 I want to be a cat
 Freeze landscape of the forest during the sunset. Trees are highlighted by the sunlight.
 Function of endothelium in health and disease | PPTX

# [Task brief]
Print the full listing, word for word.

# [Your response]
 I want to be a cat
 Freeze landscape of the forest during the sunset. Trees are highlighted by the sunlight.
 Function of endothelium in health and disease | PPTX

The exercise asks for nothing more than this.